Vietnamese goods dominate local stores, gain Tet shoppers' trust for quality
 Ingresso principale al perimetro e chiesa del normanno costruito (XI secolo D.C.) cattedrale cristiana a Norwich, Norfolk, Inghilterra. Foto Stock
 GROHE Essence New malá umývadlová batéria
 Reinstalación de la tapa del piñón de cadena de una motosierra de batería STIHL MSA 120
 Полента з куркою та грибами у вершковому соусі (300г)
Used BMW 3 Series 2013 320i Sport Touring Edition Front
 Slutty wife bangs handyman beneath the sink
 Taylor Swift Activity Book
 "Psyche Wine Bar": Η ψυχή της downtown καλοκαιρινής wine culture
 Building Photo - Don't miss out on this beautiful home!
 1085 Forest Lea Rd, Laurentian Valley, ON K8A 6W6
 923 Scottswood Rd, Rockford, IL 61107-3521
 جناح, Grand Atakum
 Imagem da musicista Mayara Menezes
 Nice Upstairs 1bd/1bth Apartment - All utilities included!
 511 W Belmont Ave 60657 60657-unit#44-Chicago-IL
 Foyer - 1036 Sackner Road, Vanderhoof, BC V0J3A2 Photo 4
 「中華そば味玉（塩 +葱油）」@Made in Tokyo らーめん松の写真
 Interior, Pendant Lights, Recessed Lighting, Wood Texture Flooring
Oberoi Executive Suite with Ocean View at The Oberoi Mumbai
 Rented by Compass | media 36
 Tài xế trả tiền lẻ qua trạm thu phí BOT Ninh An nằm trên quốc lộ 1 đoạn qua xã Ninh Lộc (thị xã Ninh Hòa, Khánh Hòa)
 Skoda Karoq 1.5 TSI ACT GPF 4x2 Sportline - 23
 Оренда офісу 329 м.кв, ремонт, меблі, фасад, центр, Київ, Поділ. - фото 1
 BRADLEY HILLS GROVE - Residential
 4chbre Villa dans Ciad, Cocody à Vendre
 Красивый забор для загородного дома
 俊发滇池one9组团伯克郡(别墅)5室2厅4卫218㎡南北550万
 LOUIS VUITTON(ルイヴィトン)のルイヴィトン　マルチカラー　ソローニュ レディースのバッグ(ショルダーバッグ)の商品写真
-.-.-
• WHAT TO PRODUCE: What is needed is a word-for-word copy of the material above.

• RESULT OF THIS TASK:
Vietnamese goods dominate local stores, gain Tet shoppers' trust for quality
 Ingresso principale al perimetro e chiesa del normanno costruito (XI secolo D.C.) cattedrale cristiana a Norwich, Norfolk, Inghilterra. Foto Stock
 GROHE Essence New malá umývadlová batéria
 Reinstalación de la tapa del piñón de cadena de una motosierra de batería STIHL MSA 120
 Полента з куркою та грибами у вершковому соусі (300г)
Used BMW 3 Series 2013 320i Sport Touring Edition Front
 Slutty wife bangs handyman beneath the sink
 Taylor Swift Activity Book
 "Psyche Wine Bar": Η ψυχή της downtown καλοκαιρινής wine culture
 Building Photo - Don't miss out on this beautiful home!
 1085 Forest Lea Rd, Laurentian Valley, ON K8A 6W6
 923 Scottswood Rd, Rockford, IL 61107-3521
 جناح, Grand Atakum
 Imagem da musicista Mayara Menezes
 Nice Upstairs 1bd/1bth Apartment - All utilities included!
 511 W Belmont Ave 60657 60657-unit#44-Chicago-IL
 Foyer - 1036 Sackner Road, Vanderhoof, BC V0J3A2 Photo 4
 「中華そば味玉（塩 +葱油）」@Made in Tokyo らーめん松の写真
 Interior, Pendant Lights, Recessed Lighting, Wood Texture Flooring
Oberoi Executive Suite with Ocean View at The Oberoi Mumbai
 Rented by Compass | media 36
 Tài xế trả tiền lẻ qua trạm thu phí BOT Ninh An nằm trên quốc lộ 1 đoạn qua xã Ninh Lộc (thị xã Ninh Hòa, Khánh Hòa)
 Skoda Karoq 1.5 TSI ACT GPF 4x2 Sportline - 23
 Оренда офісу 329 м.кв, ремонт, меблі, фасад, центр, Київ, Поділ. - фото 1
 BRADLEY HILLS GROVE - Residential
 4chbre Villa dans Ciad, Cocody à Vendre
 Красивый забор для загородного дома
 俊发滇池one9组团伯克郡(别墅)5室2厅4卫218㎡南北550万
 LOUIS VUITTON(ルイヴィトン)のルイヴィトン　マルチカラー　ソローニュ レディースのバッグ(ショルダーバッグ)の商品写真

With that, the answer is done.